Speakers and abstracts

At this page you can find the short bio's of the speakers and abstracts of the talks.

Short bio's 

Nikolaos Grigoriadis

Professor Grigoriadis graduated from the Faculty of Medicine of the Aristotle University of Thessaloniki. He did his PhD thesis and residency in Neurology in the same institution. He has been specialized in clinical and experimental Neuroimmunology and CNS immunopathology in a number of research centers and institutions abroad. He is now Professor of Neurology at the Aristotle University of Thessaloniki and  Head of the of the B’ Dept of Neurology, AHEPA University Hospital, the MS Centre and the Laboratory of Experimental Neurology and Neuroimmunology (www.neuroimmunology.gr). Professor Grigoriadis is member of various international scientific committees such as the European School of Neuroimmunology, ParadigMS, the subcommittee of ENS for Multiple Sclerosis, the ECTRIMS committee (until 2010), Co-founder and Secretary of the Hellenic Academy of Neuroimmunology (www.helani.gr). He is President of the Hellenic Neurological Society. He is Ad Hoc reviewer in more than 40 international scientific journals, co-ordinator in more than 40 multicenter clinical trials for MS and principal investigator in collaborative research projects for experimental cell therapies in CNS autoimmune demyelination. His field of interests are:  Neuroimmunology; Multiple sclerosis; experimental models of autoimmune diseases (EAE etc); neurodegeneration; immunomodulation; cell therapies. He has published more than 180 papers in peer reviewed journals. He has been awarded several times for his scientific work.

Carlo Pozzilli

Professor Pozzilli studied at the University of Rome “La Sapienza”. He then moved to the Hammersmith Hospital in London, UK, to take up a research post in 1980.In 1983, he became a Board Certified Neurologist at the University of Rome. In 1986 obtained a research grant in Neuroimaging at the Tohoku University, Sendai Japan.In 1987, he was awarded a PhD in Clinical Neurosciences by the University of Rome, where he became Full Professor in 2006. In 2002 he funded and become Director of the Multiple Sclerosis (MS) Center of OspedaleS.Andrea, University of Rome which is his actual position. Professor Pozzilli’s fields of interest include the clinical aspects and treatment of MS; he has published more than 350 papers and reviews on these subjects. Professor Pozzilli is a member of several National and International Societies. He has participated as a first investigator in at least 250 multicentre clinical trials on patients with MS. He was also member of the Steering Committee and Advisory Board inseveral multicentre trials.

Vincent van Pesch 

Professor Vincent van Pesch is Clinical Head at the Cliniques Universitaires Saint-Luc and Principal Investigator of the Neurochemistry Unit (Institute of Neuroscience, UClouvain).
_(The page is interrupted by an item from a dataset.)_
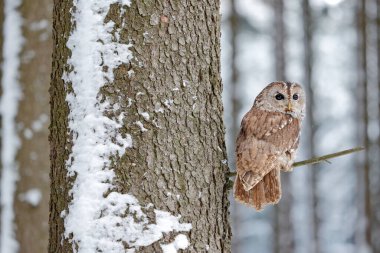 Baykuş ve karlı orman. Soğuk havada Tawny Baykuş karlı kış odunu, arka planda kar ormanı, doğal yaşam alanı. Polonya, Habitat 'tan vahşi yaşam sahnesi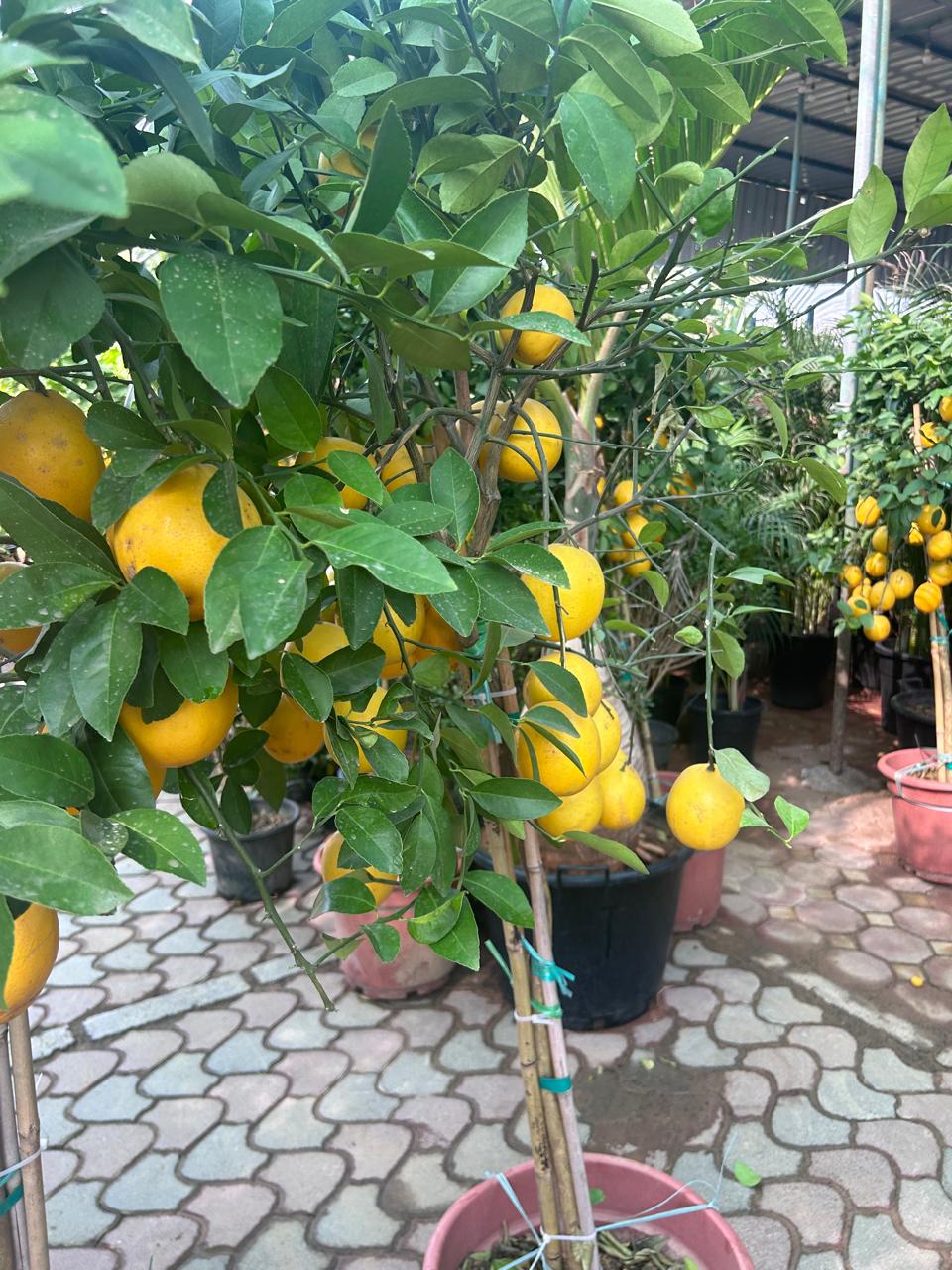 Lemon Tree Promo BIG Ramadan Offer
He is mainly involved in the diagnosis and treatment of neuro-immunological disorders, among which Multiple Sclerosis, with over 1000 patients followed. He is also involved in clinical neurophysiology and responsible for interpreting neurochemistry and neuro-immunological tests. He is involved in the international MSBase registry. His main research interests include biomarkers for MS and other neurological disorders, immunology of MS and more recently the role of microRNAs and extracellular vesicles in MS. He has published over 100 peer-reviewed articles.

Bart Van Wijmeersch

Professor Van Wijmeersch completed his general medical training in 2001 at the University of Leuven, Belgium, after which he started his specialization in Neurology. During this residency he started a PhD in neuroimmunology at the lab of experimental transplantation and neuroimmunology at the Catholic University Leuven. He was promoted in 2008 with a thesis entitled: 'Graft-versus-autoimmunity after induction of mixed bone marrow chimerism in murine models of experimental autoimmune encephalomyelitis'. Since 2008 he is active as neurologist, specialized in Multiple Sclerosis, at the Rehabilitation & MS Center in Overpelt, were he is medical director and leads a multidisciplinary MS-team.  He is a member of the board of the Belgian Study Group for Multiple Sclerosis and the first president of the ParadigMS Foundation, an international organization dedicated to improve the transfer of scientific knowledge on MS to the daily practice of MS care. As associate professor of Neurology at the University Hasselt, he is affiliated with the Biomedical Institute of the University, where he is involved in the clinical and fundamental research in Multiple Sclerosis.


Workshop 1: Progressive forms of Multiple Sclerosis: pathogenesis and treatment options.

Carlo Pozzilli and Bart Van Wijmeersch

Multiple Sclerosis (MS) is a chronic disease that damages the myelin of the central nervous system (CNS) and causes neurological impairment and  disability. Progressive MS  (PMS) is characterized by a continuous clinical deterioration without recovery.

Patients who initially present with PMS are termed primary progressive (PPMS), while those who evolve to PMS after initially presenting with RRMS are termed secondary progressive (SPMS).

 Active patients experience superimposed inflammatory episodes  (occurrence of clinical relapses at least once annually and/or enlarged, new or contrast enhancing T2 lesions).

Non-active patients do not have clinical relapses and MRI activity (e.g., gadolinium enhancing MRI lesions, new or enlarging T2 lesions) since 1 year.

Although there are multiple approved drugs for the treatment of RRMS, current treatments have limited therapeutic benefit in PMS patients, especially the non-active population.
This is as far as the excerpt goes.